Problem to solve — Leave out the pictures and retype, exactly, the lines below from the line with "Vintage Vintage 90s" up to and including the line with "RedDoorz Plus near Stadion Wijaya Kusuma", nothing more.

Information —
....

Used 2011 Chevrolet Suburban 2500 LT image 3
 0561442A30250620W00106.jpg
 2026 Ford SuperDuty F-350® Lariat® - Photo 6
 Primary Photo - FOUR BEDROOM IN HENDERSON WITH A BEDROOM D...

....

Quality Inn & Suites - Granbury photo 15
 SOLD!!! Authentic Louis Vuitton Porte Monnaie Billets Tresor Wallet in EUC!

....

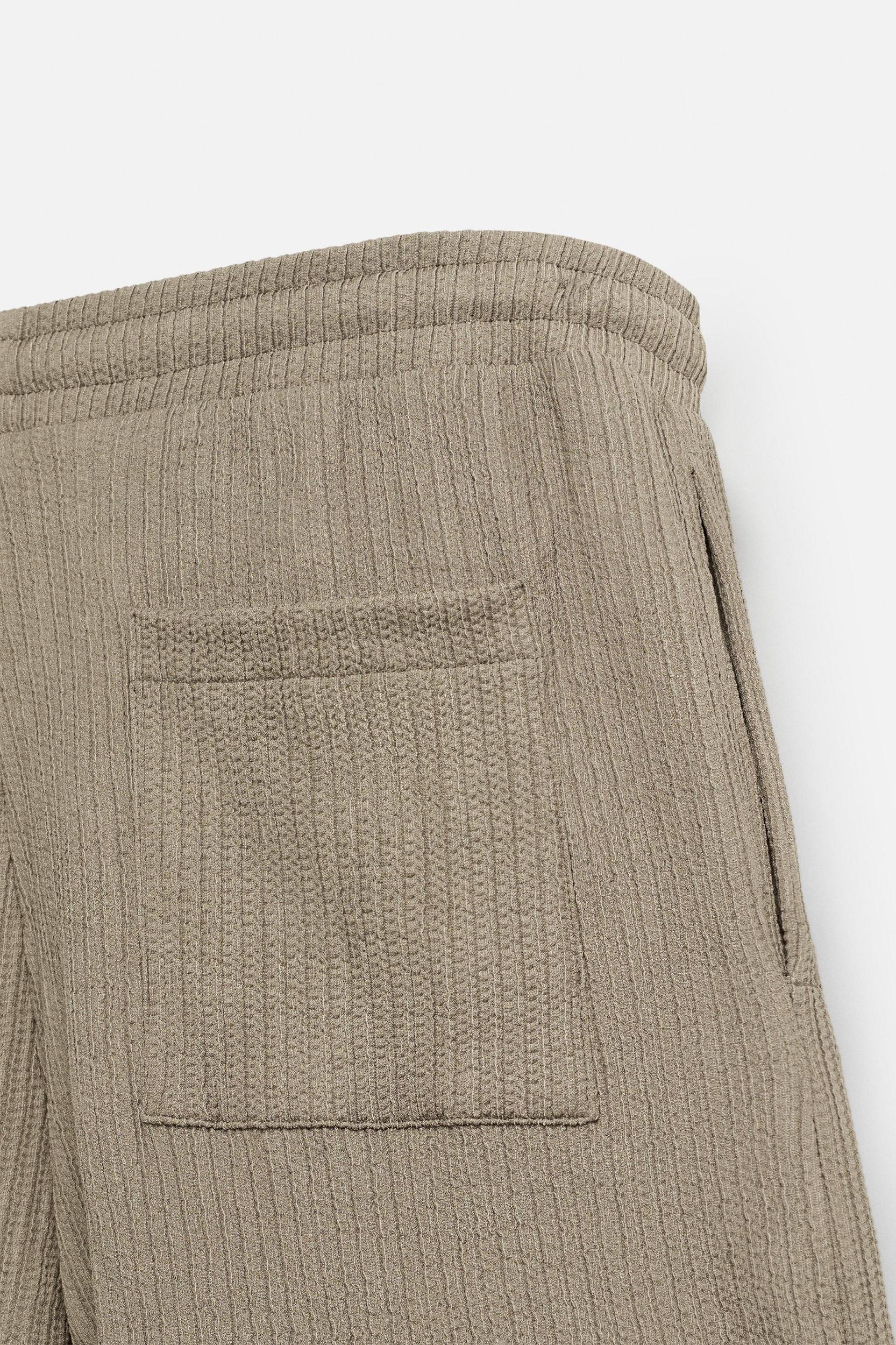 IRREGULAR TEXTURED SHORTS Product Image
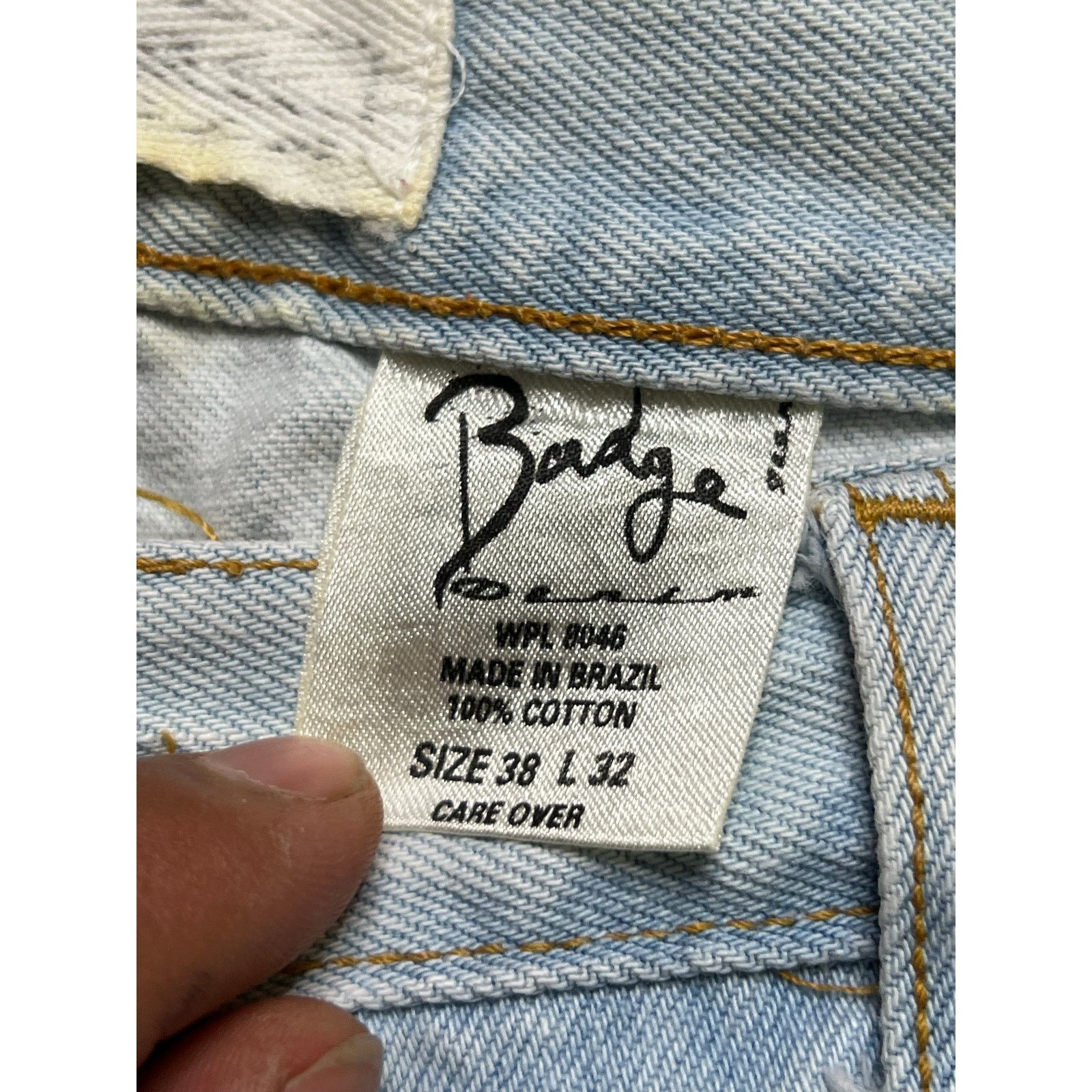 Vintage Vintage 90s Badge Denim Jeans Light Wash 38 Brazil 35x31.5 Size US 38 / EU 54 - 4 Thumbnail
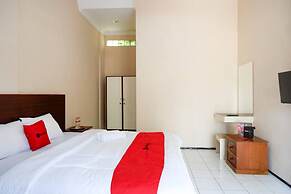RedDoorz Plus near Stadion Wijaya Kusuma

....

Exercise solution —
 Vintage Vintage 90s Badge Denim Jeans Light Wash 38 Brazil 35x31.5 Size US 38 / EU 54 - 4 Thumbnail
RedDoorz Plus near Stadion Wijaya Kusuma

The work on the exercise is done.